→ Input data:
◆ ◆ ◆ ◆

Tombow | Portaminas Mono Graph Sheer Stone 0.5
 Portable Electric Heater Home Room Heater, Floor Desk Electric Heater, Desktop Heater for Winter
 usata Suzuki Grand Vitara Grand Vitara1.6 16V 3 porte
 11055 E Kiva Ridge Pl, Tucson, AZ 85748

◆ ◆ ◆ ◆

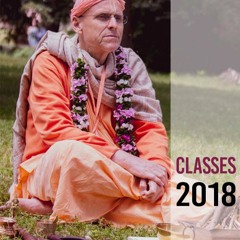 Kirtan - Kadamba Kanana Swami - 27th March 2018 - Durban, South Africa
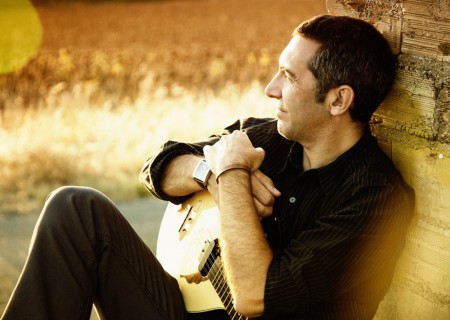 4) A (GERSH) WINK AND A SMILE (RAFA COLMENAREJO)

◆ ◆ ◆ ◆

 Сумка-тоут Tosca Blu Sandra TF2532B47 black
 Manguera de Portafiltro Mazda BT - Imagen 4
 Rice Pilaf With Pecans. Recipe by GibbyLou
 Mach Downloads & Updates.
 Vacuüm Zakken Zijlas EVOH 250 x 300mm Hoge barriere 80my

◆ ◆ ◆ ◆

The entries above hold the needed span. Transcribe exactly the lines from the one with "Сумка-тоут Tosca Blu Sandra TF2532B47 black" to the one with "Vacuüm Zakken Zijlas", both included.

 Сумка-тоут Tosca Blu Sandra TF2532B47 black
 Manguera de Portafiltro Mazda BT - Imagen 4
 Rice Pilaf With Pecans. Recipe by GibbyLou
 Mach Downloads & Updates.
 Vacuüm Zakken Zijlas EVOH 250 x 300mm Hoge barriere 80my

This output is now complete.